The Pre-Election Fraud of the 2012 Venezuelan Presidential Elections

If you you're in power and sure you have the majority of votes in your country, there is no need to rig elections. If you still do, your attempts could only backfire (Unless  of course when you're not satisfied with simply the majority and you need a 2/3 majority in congress to be able to rewrite the constitution, as has happened in the 2011 Nicaragua elections). Hugo Chávez strengthened the electoral system considerably by introducing voting machines, better laws and procedures. Never the less he still succeeded to rig the results of the intensively negotiated  2004 recall referendum. At the time the exit polls already showed that there was a massive electoral fraud going on.  Strong statistical proof according to two different methods (Benford's Law and Cluster Analysis) came available years later, when the National Electoral Council (CNE), foreign observers and OAS countries had already accepted the results.
Chávez rigged the 2010 Venezuelan parliamentary elections by  applying pre-election fraud referred to as gerrymandering as you can read below. Now facing a close finish with Henrique Capriles in the 2012 presidential elections, Chávez' rigging needs to be even more sophisticated than in 2004 and 2010. Check out the rest of this blogpost to find out about these methods.

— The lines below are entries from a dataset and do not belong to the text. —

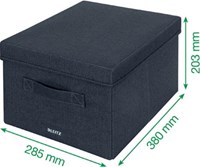 Leitz stoffen opbergdoos medium grijs set van 2 stuks-2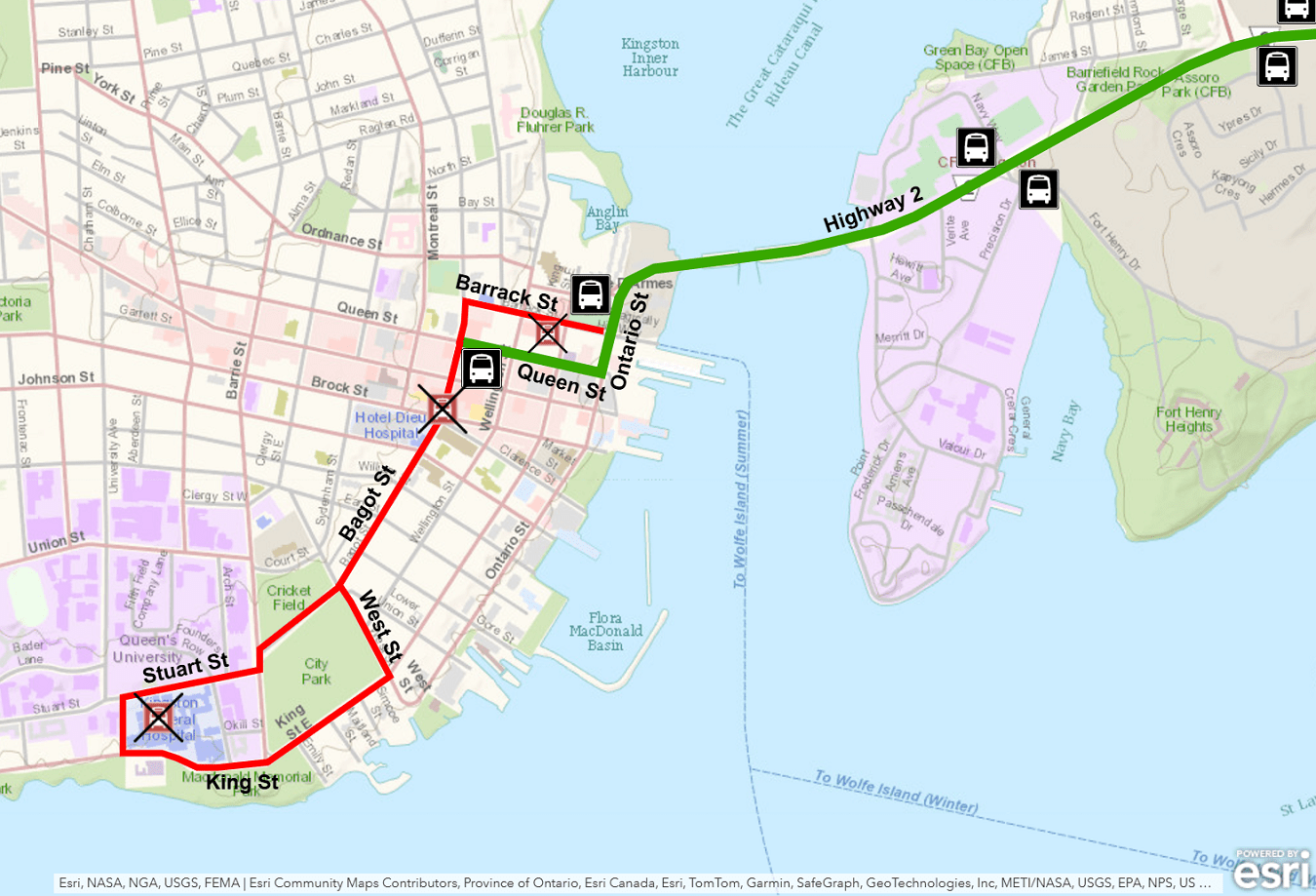 Express 601/602 map showing service ending at Queen/Bagot and not continuing to KGH. For more information, please call 613-546-0000.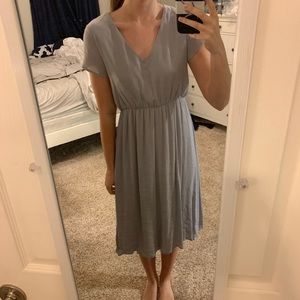 Grey Midi Chiffon Dress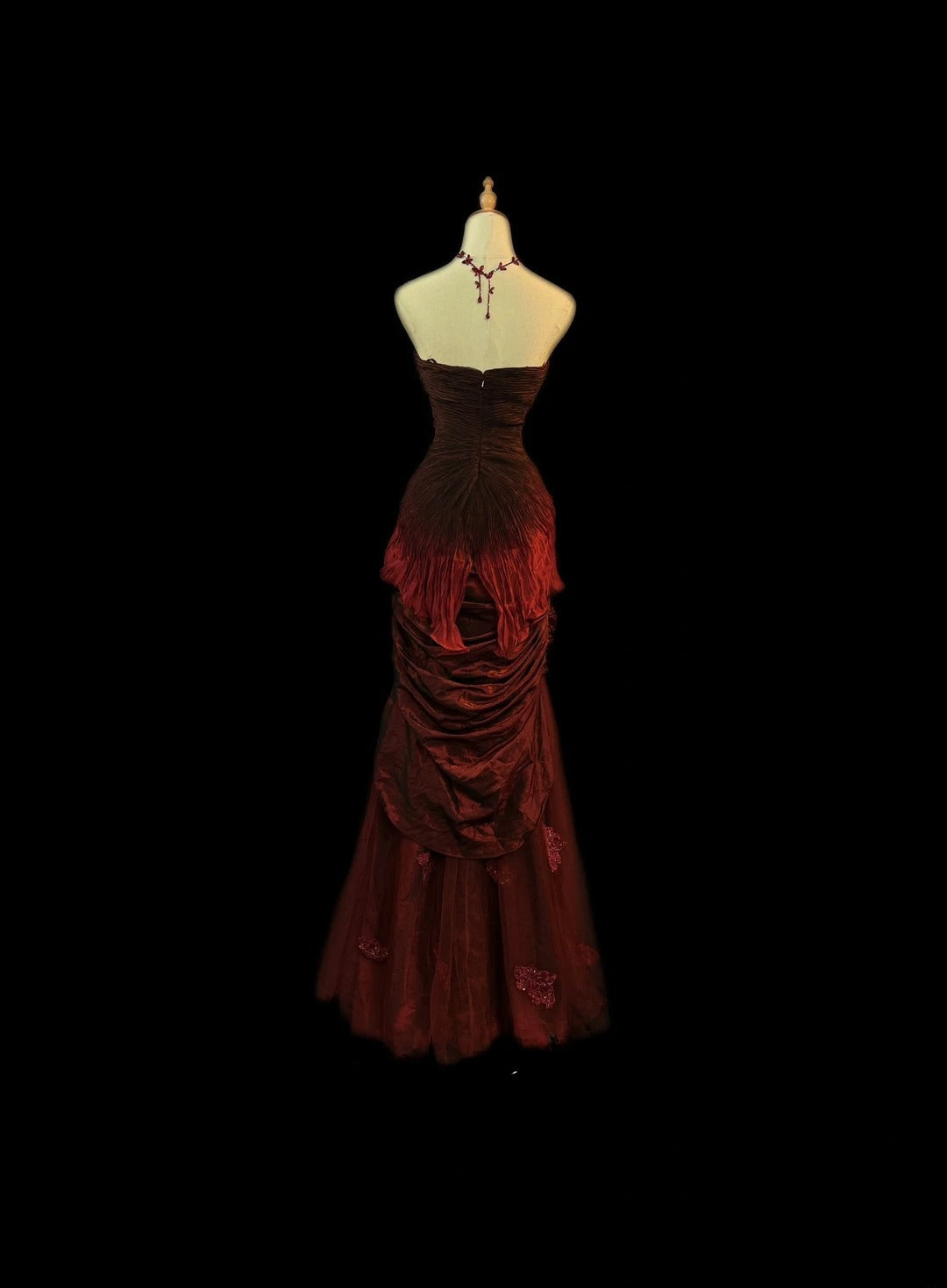 Vintage 70s Prom Dresses Mermaid Strapless Burgundy With Cape For Women Long Evening Formal Outfits RB3587
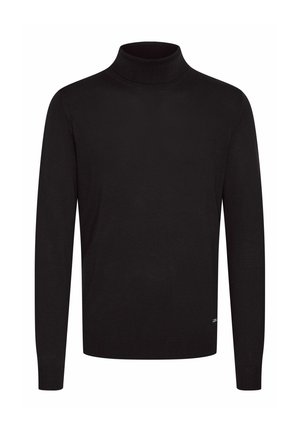 Czarny sweter typu golf wykonanego z miękkiego, lekkiego materiału; posiada długie rękawy oraz dopasowany krój z prążkowanym dekoltem i dołem.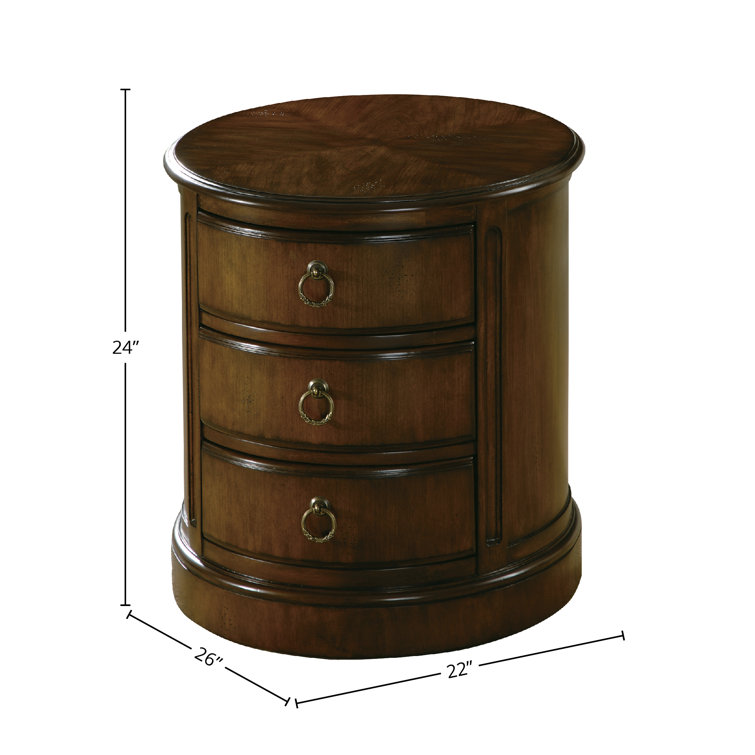 Traditional Cherry Veneer Round Drum End Table with Storage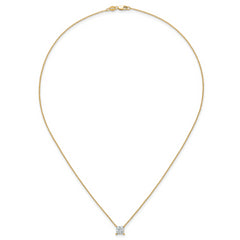 14k 1 carat Certified Lab Grown Diamond VS+ F+ Princess Complete Four Prong 18 inch Pendant Necklace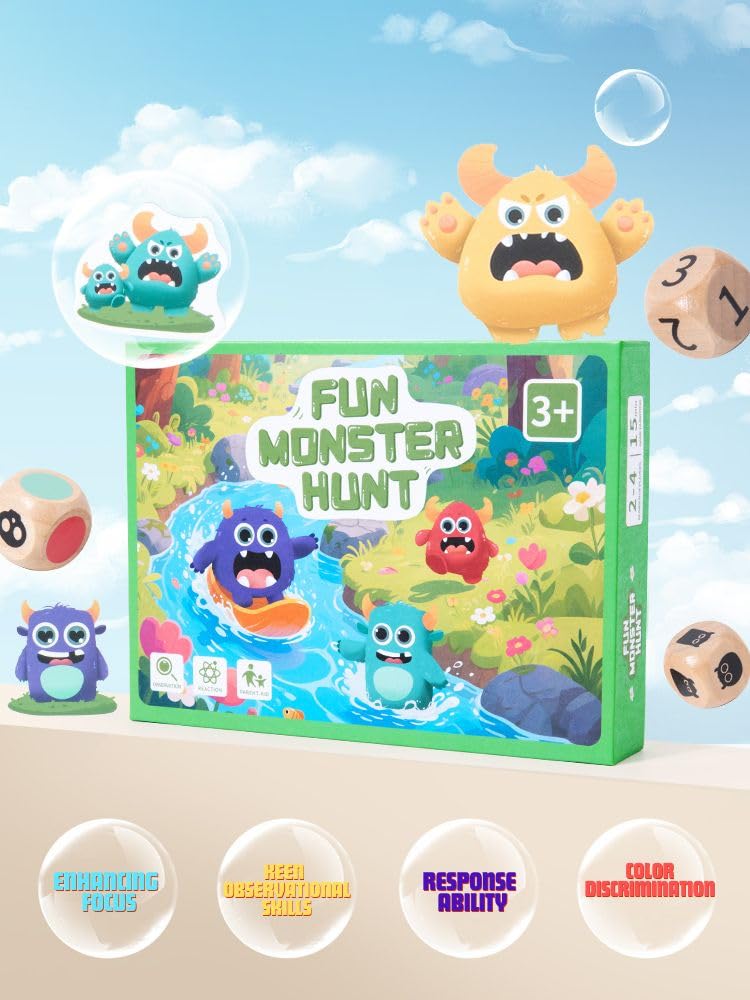 Amazon.com: EZKITS4KIDZ Fun Monster Hunt Board Game for Kids 3+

2012 Presidential Candidates Henrique Capriles and Hugo Chávez

It's obvious to me that Chávez wanted to show the World that Venezuela is able to have free and fair elections under the Chávez administration. The most important reasons are that Chávez is still afraid for some US supported coup (as happened before) and that he wants the World to take his Bolivarian Socialism seriously. So Chávez' aim was to mobilize his own electorate to the max. and divert his strategy to pre-election fraud. It has become very difficult anyway for Chávez to rig the elections results  itself without being caught red handed. He knows that solid well-conducted exit polls will be held and that the elections results will probably be checked instantly against Benford's Law and other statistical tests. The way to go for Chávez is primarily to focus on mobilizing his electorate, which in itself is a good thing. He has done that by further reduction of exclusion of voters living in rural areas in the electoral roll to approx. 3.5% (which was approx. 20% in 1998) and by further increasing the number of voting booths and polling centers  in rural areas and in poor uphill city neighborhoods. The 2012 presidential elections will be held with 38,266 voting booths and 14,055 polling centers. Applying pre-election fraud is another successful strategy, because you can get away with it in most cases. Nicaragua has been a playground for Venezuelan advisers to apply pre-election fraud in the past.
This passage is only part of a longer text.